Jinfan Wang scite author profile

SARS-CoV-2 recently emerged as a human pathogen and is the causative agent of the COVID-19 pandemic. A molecular framework of how the virus manipulates host cellular machinery to facilitate infection remains unclear. Here, we focus on SARS-CoV-2 NSP1, which is proposed to be a virulence factor that inhibits protein synthesis by directly binding the human ribosome. Using extract-based and reconstitution experiments, we demonstrate that NSP1 inhibits translation initiation on model human and SARS-CoV-2 mRNAs.
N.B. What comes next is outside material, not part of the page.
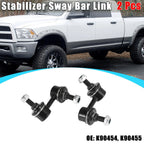 2 Pcs Front Sway Bar Links K90454 K90455 for Honda Civic 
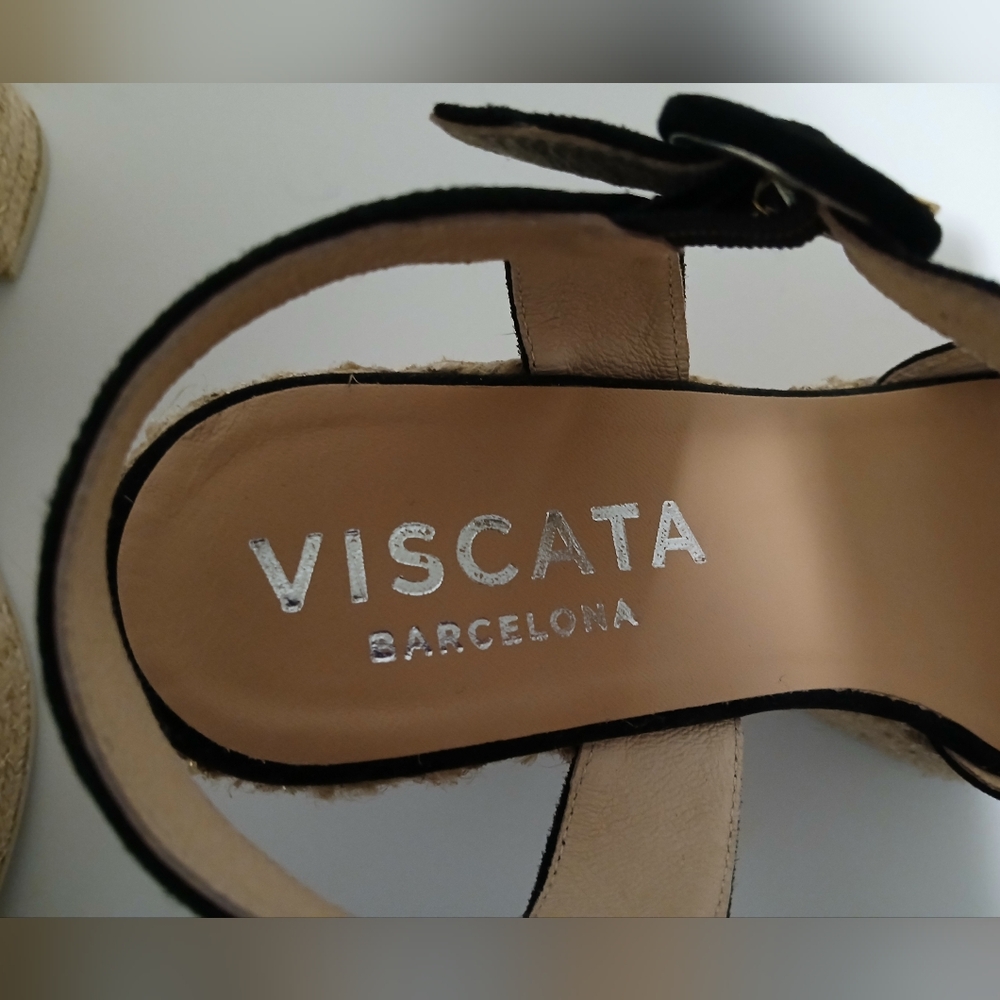 Viscata Barcelona Chunky Heel‎ Sandals - Picture 13 of 16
NSP1 also specifically binds to the small (40S) ribosomal subunit, which is required for translation inhibition. Using single-molecule fluorescence assays to monitor NSP1-40S subunit binding in real time, we demonstrate that eukaryotic translation initiation factors (eIFs) modulate the interaction: NSP1 rapidly and stably associates with most ribosomal pre-initiation complexes in the absence of mRNA, with particular enhancement and inhibition by eIF1 and eIF3j, respectively. Using model mRNAs and an inter-ribosomal-subunit FRET signal, we elucidate that NSP1 competes with RNA segments downstream of the start codon to bind the 40S subunit and that the protein is unable to associate rapidly with 80S ribosomes assembled on an mRNA. Collectively, our findings support a model where NSP1 associates with the open head conformation of the 40S subunit to inhibit an early step of translation, by preventing accommodation of mRNA within the entry channel.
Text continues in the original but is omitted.